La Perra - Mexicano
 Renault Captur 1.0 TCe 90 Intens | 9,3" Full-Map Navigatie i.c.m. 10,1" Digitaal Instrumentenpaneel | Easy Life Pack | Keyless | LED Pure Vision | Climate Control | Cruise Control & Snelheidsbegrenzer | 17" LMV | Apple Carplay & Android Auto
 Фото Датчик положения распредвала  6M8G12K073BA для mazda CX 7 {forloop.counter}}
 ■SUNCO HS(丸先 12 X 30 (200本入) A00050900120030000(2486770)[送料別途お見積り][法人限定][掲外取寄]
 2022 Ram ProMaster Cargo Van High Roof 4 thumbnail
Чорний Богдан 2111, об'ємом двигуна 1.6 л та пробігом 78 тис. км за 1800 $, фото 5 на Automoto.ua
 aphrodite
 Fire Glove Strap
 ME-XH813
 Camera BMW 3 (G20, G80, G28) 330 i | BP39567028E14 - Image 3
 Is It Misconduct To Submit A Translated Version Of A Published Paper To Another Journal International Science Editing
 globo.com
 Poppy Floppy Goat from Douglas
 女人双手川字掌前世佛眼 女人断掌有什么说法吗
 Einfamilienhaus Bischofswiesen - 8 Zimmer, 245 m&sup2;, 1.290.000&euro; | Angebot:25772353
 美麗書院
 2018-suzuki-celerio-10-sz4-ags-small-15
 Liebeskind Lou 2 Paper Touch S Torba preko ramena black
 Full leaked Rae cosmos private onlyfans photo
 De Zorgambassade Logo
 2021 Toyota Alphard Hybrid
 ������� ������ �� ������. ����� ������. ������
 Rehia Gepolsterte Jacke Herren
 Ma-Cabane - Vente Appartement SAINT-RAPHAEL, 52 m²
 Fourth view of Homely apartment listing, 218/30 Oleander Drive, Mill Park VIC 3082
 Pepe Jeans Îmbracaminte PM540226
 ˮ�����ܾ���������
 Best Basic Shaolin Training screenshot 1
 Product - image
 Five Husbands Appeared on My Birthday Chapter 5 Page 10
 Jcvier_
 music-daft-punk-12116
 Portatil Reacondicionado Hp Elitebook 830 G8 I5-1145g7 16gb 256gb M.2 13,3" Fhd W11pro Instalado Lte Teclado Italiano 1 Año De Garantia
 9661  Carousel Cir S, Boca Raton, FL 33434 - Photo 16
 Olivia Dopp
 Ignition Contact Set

------------------------------------------------------------

What this task involves: Some of the data mentions "Paper". Copy every line where it does.

Solution to the problem:
 Is It Misconduct To Submit A Translated Version Of A Published Paper To Another Journal International Science Editing
 Liebeskind Lou 2 Paper Touch S Torba preko ramena black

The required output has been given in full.